Connolly was a life-long revolutionary socialist. He returned from the United States where he had been an organiser for the Industrial Workers of the World, joining the Irish Transport and General Workers’ Union (ITGWU) as its Belfast organiser in 1910. The militant tactics of the ITGWU won significant improvements in wages and conditions for workers. The union grew quickly from 4000 members in 1910 to 22,000 by 1912.

He was at the centre of the Dublin lockout of 1913, when Ireland’s employers, led by the Dublin capitalist and former Irish Parliamentary Party MP, William Martin Murphy, moved to smash the Transport Union and its militant allies.

In order to defend strikers Connolly formed the Irish Citizen Army. Its few hundred members joined the uprising in 1916.

Connolly combined an understanding of the necessity for class struggle with an abiding belief in Ireland’s need to free itself from colonial domination. For Connolly, “The cause of labour is the cause of Ireland, the cause of Ireland is the cause of labour. They cannot be dissevered.”

Connolly never dropped his commitment to socialist and working class politics, and recognised the limitations of those who launched the uprising. He warned, “In the event of victory, hold onto your rifles, as those with whom we’re fighting may stop before our goal is reached. We are fighting for economic as well as political liberty.”

Rebellion isolated

When it came, the uprising drew little support.

The conspiratorial methods of the rebels led to confusion. Orders for the mobilisation of the Volunteers were countermanded by leaders who did not support the plot. Attempts to smuggle arms to supply the rebels were botched.

Perhaps crucially James Connolly failed to use the methods of class struggle; no strike was organised to support the rising, and many of Dublin’s workers watched the fight with bemusement. Only a relatively small group of fighters took on the forces of the British army. Outnumbered and out-gunned, they were defeated after six days.

It was the shocking scale of the British repression that turned the leaders of the uprising into heroes. There were 3500 arrests, many of people who took no part in the uprising.

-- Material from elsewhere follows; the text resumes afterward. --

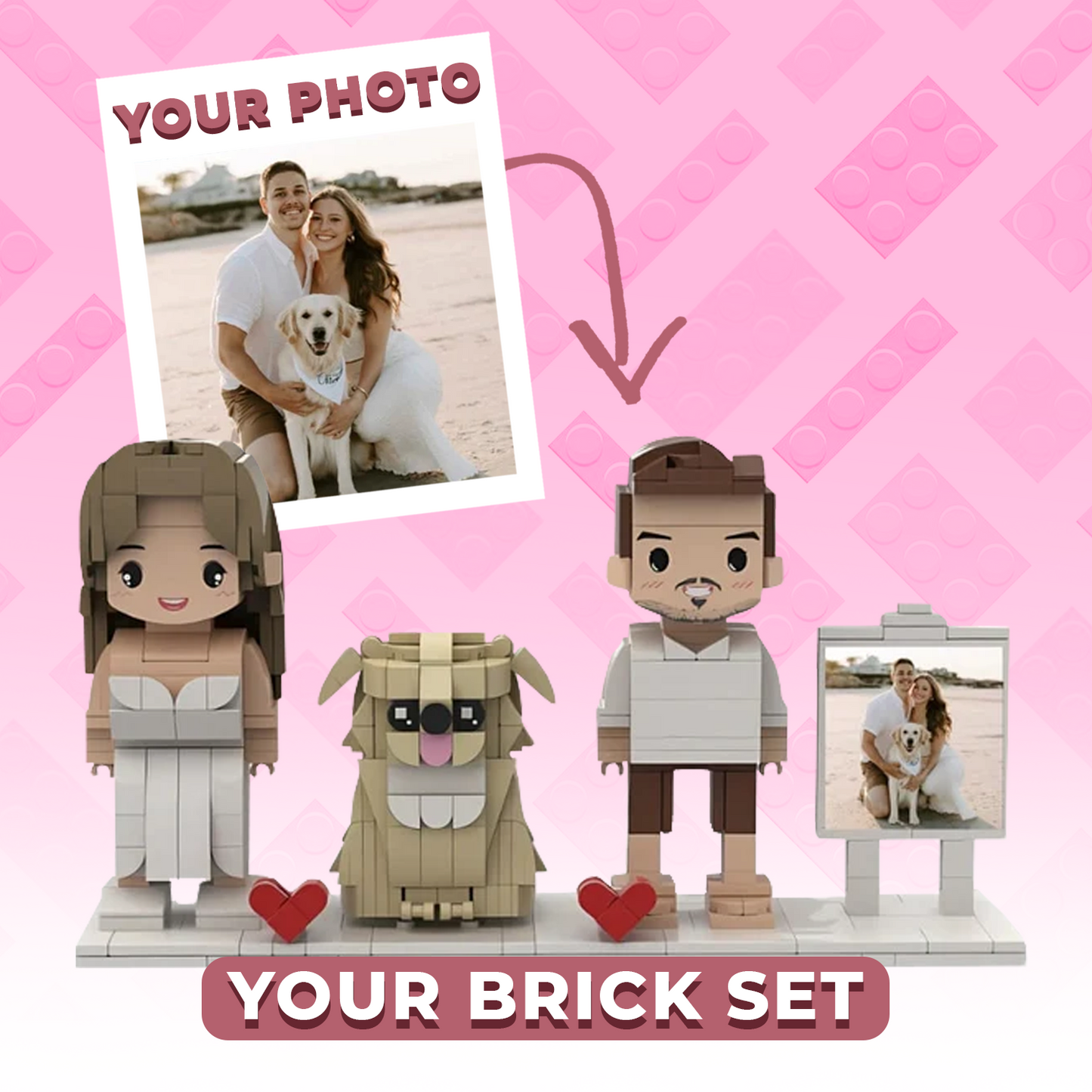 Custom Pet Brick Set – Novarillo Personalized Building Kit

Internment camps were set up.

Sixteen of the rising’s leaders were put to death. Connolly was the last to be shot. Badly wounded, he had to be tied to a chair to face the firing squad.

The killing of the rebels sounded the political death knell for John Redmond and the Irish Parliamentary Party. His support for the war and for a British state that could not be trusted to implement Home Rule saw his party obliterated at the election two years later in 1918. Irish Republicans demanding independence swept the polls, refusing to take their seats in Westminster and establishing a rebel Irish parliament.

The Irish Volunteers were reorganised as the Irish Republican Army, and fought the British until 1921. Negotiations resulted in the shameful partition of Ireland, with a sectarian state in the North remaining part of Britain.

The Russian revolutionary Lenin defended the Easter uprising as a blow against imperialism, despite its weaknesses. He wrote that, “Their misfortune was to have risen prematurely, when the revolt of the European working class has not yet matured.” The Rising helped to break the grip of a conservative politics that had dominated for decades.

In 2016 we see that conservative grip broken again. Last month’s elections saw the two main establishment parties, responsible for running governments in Ireland since the civil war, down to 50 per cent between them from 74 per cent in 2007.

The real inheritors of the revolutionary spirit in Ireland 100 years later are not the establishment politicians, but the ordinary working people who fought against austerity on the streets in the water charges campaign and voted for a left alternative at the ballot box.

The words of James Connolly cry out: “Starting thus, Ireland may yet set the torch to a European conflagration that will not burn out until the last throne and the last capitalist bond and debenture will be shrivelled on the funeral pyre of the last war lord.”

Now that would be a fitting commemoration of 1916.